### The data
######
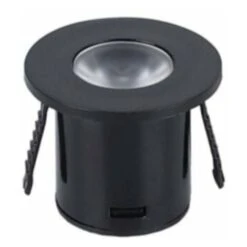 Mini Spot LED Encastrable 1W 90° Rond Noir - Blanc Chaud 2300k -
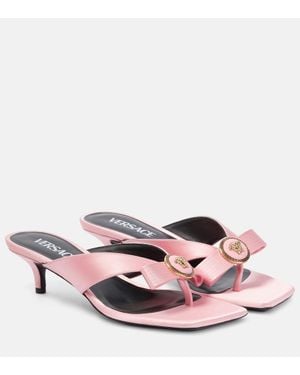 Versace Gianni Ribbon' Mules 45Mm - Pink
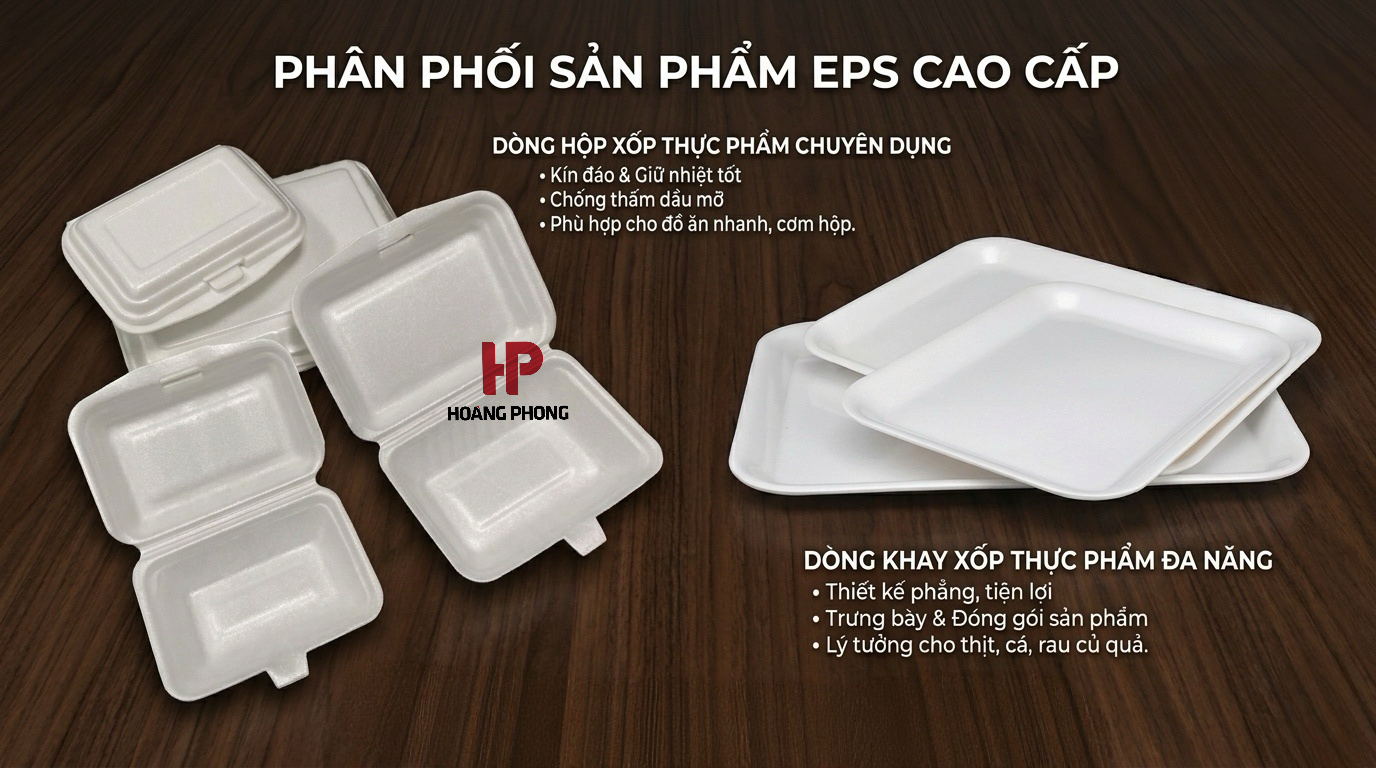 Khay xốp hộp xốp giá sỉ cho quán ăn cửa hàng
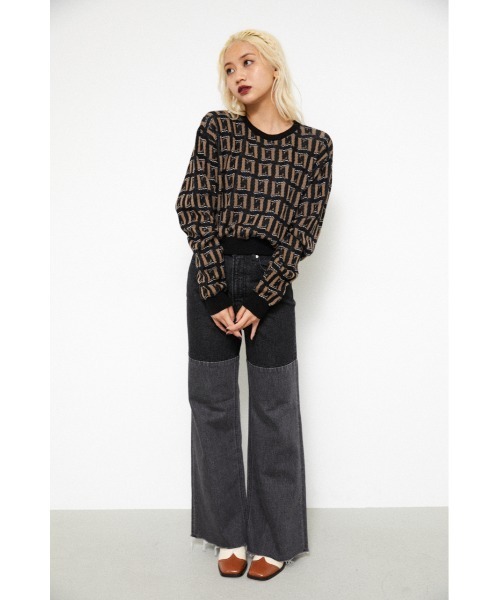 LAGUA GEM（ラグアジェム）の「MONOGRAM KNIT TOPS（ニット/セーター・レディース・ベージュ/ブラック/グリーン・FREE）」の6枚目の写真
######
### Task to carry out
Would you set down every line of the data above exactly, skipping the pictures?

### Your response
 Mini Spot LED Encastrable 1W 90° Rond Noir - Blanc Chaud 2300k -
 Versace Gianni Ribbon' Mules 45Mm - Pink
 Khay xốp hộp xốp giá sỉ cho quán ăn cửa hàng
 LAGUA GEM（ラグアジェム）の「MONOGRAM KNIT TOPS（ニット/セーター・レディース・ベージュ/ブラック/グリーン・FREE）」の6枚目の写真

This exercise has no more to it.